Yes, you have to run a wire. Took me about 60-90 minutes the first time I did it.


----------



## KrisL (Dec 22, 2001)

venusgarg said:


> Thanks both of you for all your help so far, but i have confusion in mind you are talking about cradle but their is no cradle in my car close parking brakes, and as i can see in those pictures of installation he is installing that voice activated dialling switch in cradle, i can see that switch on my steering wheel but i m not sure is working or not, but yeah according that person from bmw that replied me CPT8000 is installed at the time of manufacturing, i m confused please help.........


It's simple -

1) You install the bluetooth module in the trunk. The wiring is already there, possibly plugged into your CPT8000 "controller."
2) You install the bluetooth antenna underneath the rear ashtray. The wiring is already there.

Since you already have the CPT8000, you probably already have the microphone installed in the head panel.

You need to purchase:
* Bluetooth ULF (this is the main bluetooth controller)
* Bluetooth install kit (includes antenna/bracket/screws)

and it'll work.


----------



## doeboy (Sep 20, 2002)

venusgarg said:


> Thanks both of you for all your help so far, but i have confusion in mind you are talking about cradle but their is no cradle in my car close parking brakes, and as i can see in those pictures of installation he is installing that voice activated dialling switch in cradle, i can see that switch on my steering wheel but i m not sure is working or not, but yeah according that person from bmw that replied me CPT8000 is installed at the time of manufacturing, i m confused please help.........


Are you sure it's actually installed? That doesn't come with the car so if you have it I would think you would know for certain since you would've had to order that feature on the car. Also since you say you have no phone cradle, I'm inclined to believe you don't have the CPT8000... but just the pre-wiring for it. Did you buy the car new or used? Did the car come with a phone? If not, you probably don't have it.

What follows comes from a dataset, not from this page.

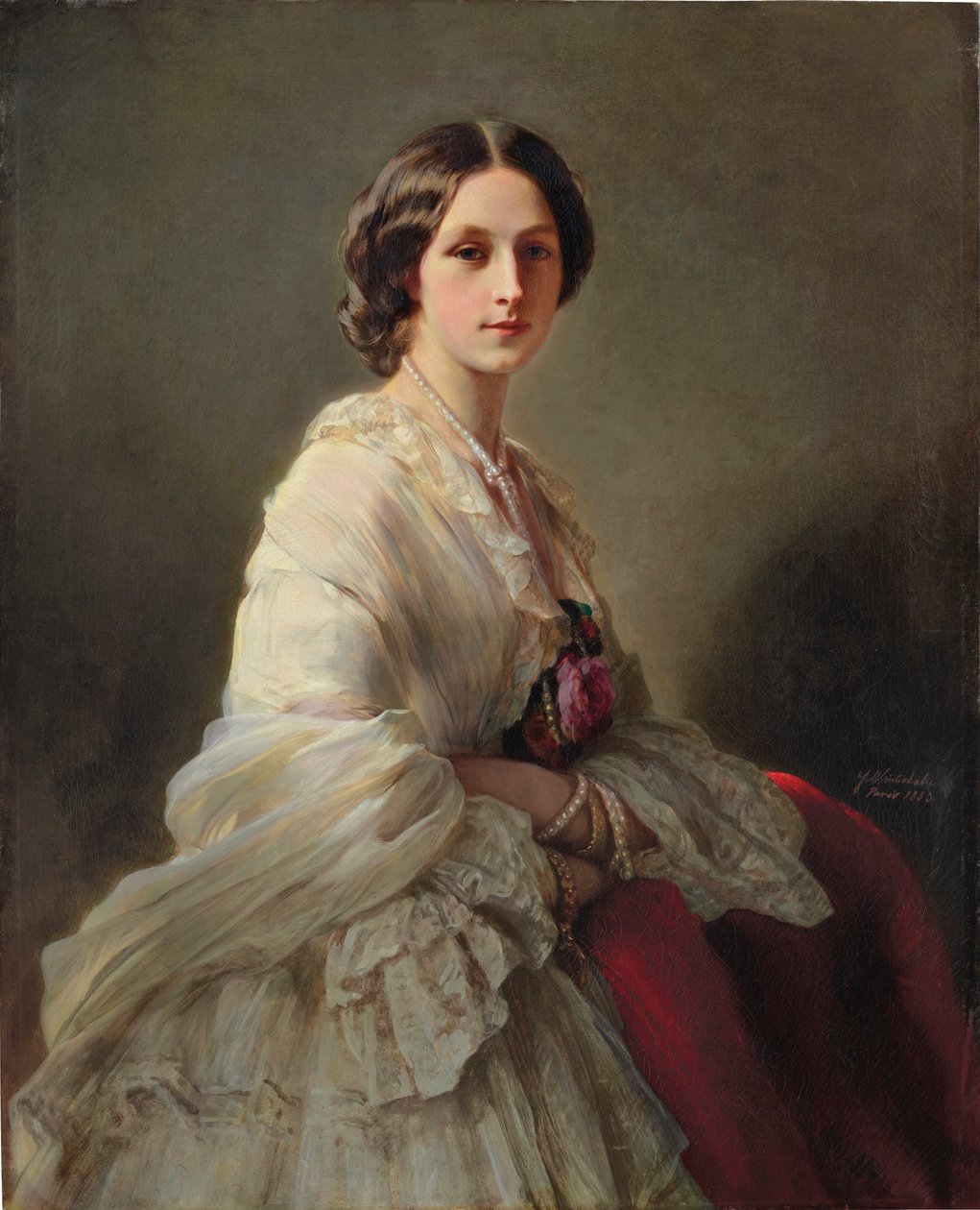 Portræt af grevinde Elena Ivanovna Orlova-Denisova, født Tchertkova 1830-1891, 1853. af Franz Xaver Winterhalter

The car is pre-wired for CPT8000 and BT from the factory. This does not necessarily mean you actually have a phone system installed. Maybe there was some misunderstanding as to what is and what isn't in the car? All cars with the multifuction steering wheel have the button on it regardless of whether or not you have a phone system installed from the factory.


----------



## venusgarg (Sep 9, 2005)

doeboy said:


> Are you sure it's actually installed? That doesn't come with the car so if you have it I would think you would know for certain since you would've had to order that feature on the car. Also since you say you have no phone cradle, I'm inclined to believe you don't have the CPT8000... but just the pre-wiring for it. Did you buy the car new or used? Did the car come with a phone? If not, you probably don't have it.
> 
> The car is pre-wired for CPT8000 and BT from the factory. This does not necessarily mean you actually have a phone system installed. Maybe there was some misunderstanding as to what is and what isn't in the car? All cars with the multifuction steering wheel have the button on it regardless of whether or not you have a phone system installed from the factory.

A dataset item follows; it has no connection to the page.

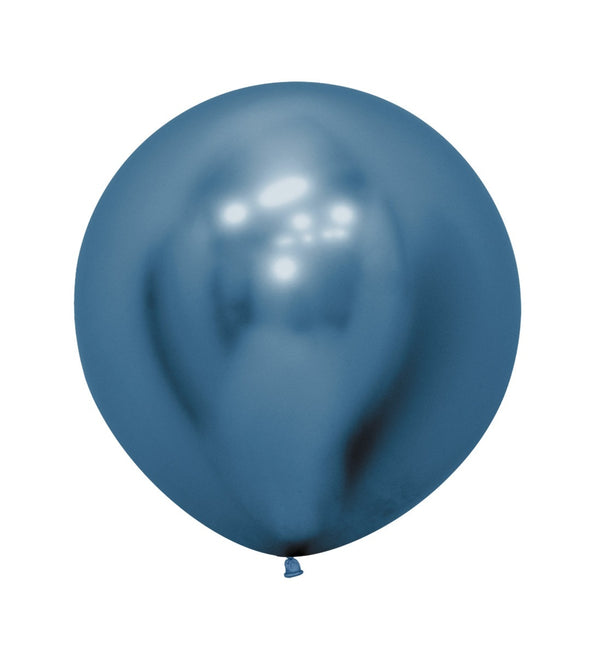 Globos Reflex Azul 61cm 3pcs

 Did you mean those controls on steering are connected to nothing, and if i have to install BT system i have to start from scratch? but what about that voice recognition system that i have on steering wheel, do i still have to install that switch close to parking brakes.


----------



## LDV330i (May 24, 2003)

The phone kits whether BT or CPT8000 have always been a dealer installed option. Only the wiring was done at the factory as has already been mentioned. BTW, my 2004 car also came with a tag stating that it was prewired for cellular phone. I still had to install the BT kit. That is a 2 to 3 hour process though not hard just time consuming. I have already done 3, while helping out a couple of friends.


----------



## venusgarg (Sep 9, 2005)

LDV330i said:


> The phone kits whether BT or CPT8000 have always been a dealer installed option. Only the wiring was done at the factory as has already been mentioned. BTW, my 2004 car also came with a tag stating that it was prewired for cellular phone. I still had to install the BT kit. That is a 2 to 3 hour process though not hard just time consuming. I have already done 3, while helping out a couple of friends.

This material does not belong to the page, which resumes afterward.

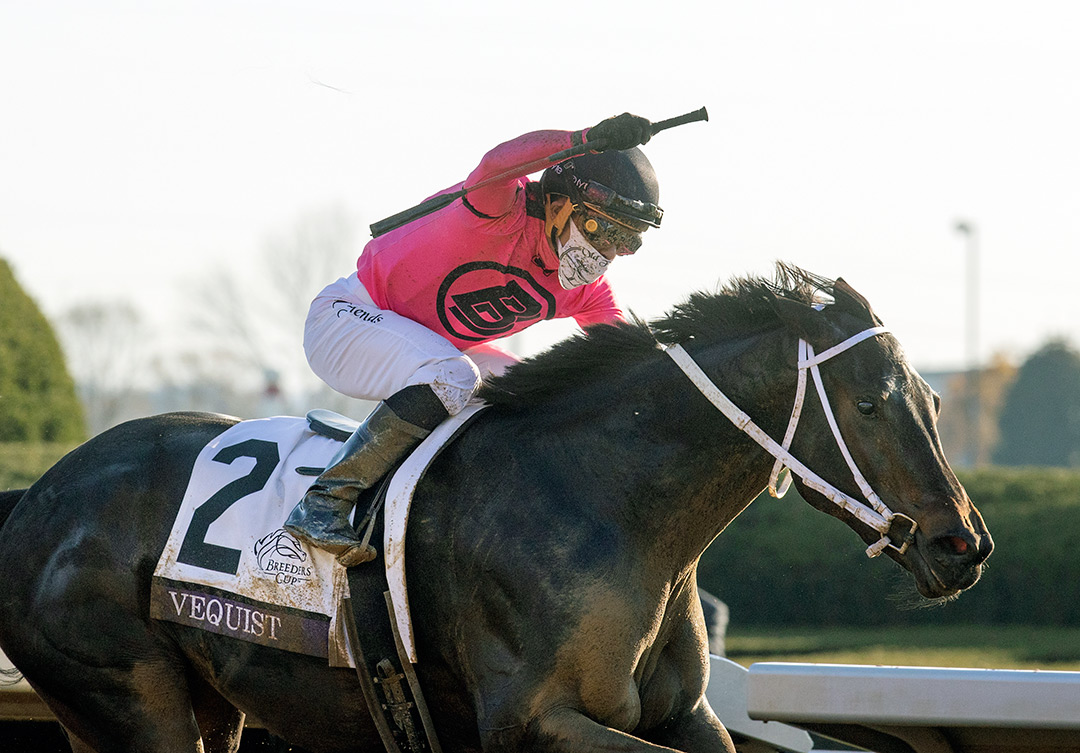 Vequist wins the 2020 Breeders' Cup Juvenile Filles at Keeneland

 What about the phone controls that i m thinking are already installed on steering wheel
are they working or just to show that wheel is multifuctional, if you have 2004 you might know about the voice recognition button on steering, is that working or not, do i have to install while installing a cradle


----------



## doeboy (Sep 20, 2002)

venusgarg said:


> Did you mean those controls on steering are connected to nothing, and if i have to install BT system i have to start from scratch? but what about that voice recognition system that i have on steering wheel, do i still have to install that switch close to parking brakes.


The button is connected to something... it's just that the device that the button is meant to send a signal to is not there... so therefore... nothing happens when you press the button.

As for the extra button on the center console... You don't have to cut the center console if you don't want to. I only use that button for pairing the phone which doesn't happen all too often so I tuck it underneath where my cupholders/roller compartment goes. (They snap right out if I ever need to access that button). Everything else I control from the steering wheel.


----------



## doeboy (Sep 20, 2002)

venusgarg said:


> What about the phone controls that i m thinking are already installed on steering wheel
> are they working or just to show that wheel is multifuctional, if you have 2004 you might know about the voice recognition button on steering, is that working or not, do i have to install while installing a cradle


The buttons are there but they don't do anything if you don't have a phone kit or BMW assist. Why are they there if they don't work? Probably because rather than make a custom button layout on the steering wheels, they just ship all the buttons and make it easier and more cost effective for themselves. :dunno:

There is no cradle for the BT kit. There are cradles available if you still want one, but it is not necessary, nor does it come as part of the BT kit. They must be purchased seperately. And there are only cradles available for a select number of phones. I don't recall ever seeing one for the V710... so I wouldn't bother looking for a cradle. The whole point of the BT kit is there's no need to put your phone anywhere specific or plug it into anything.


----------



## venusgarg (Sep 9, 2005)

doeboy said:


> The buttons are there but they don't do anything if you don't have a phone kit or BMW assist. Why are they there if they don't work? Probably because rather than make a custom button layout on the steering wheels, they just ship all the buttons and make it easier and more cost effective for themselves. :dunno:
> 
> There is no cradle for the BT kit. There are cradles available if you still want one, but it is not necessary, nor does it come as part of the BT kit. They must be purchased seperately. And there are only cradles available for a select number of phones. I don't recall ever seeing one for the V710... so I wouldn't bother looking for a cradle. The whole point of the BT kit is there's no need to put your phone anywhere specific or plug it into anything.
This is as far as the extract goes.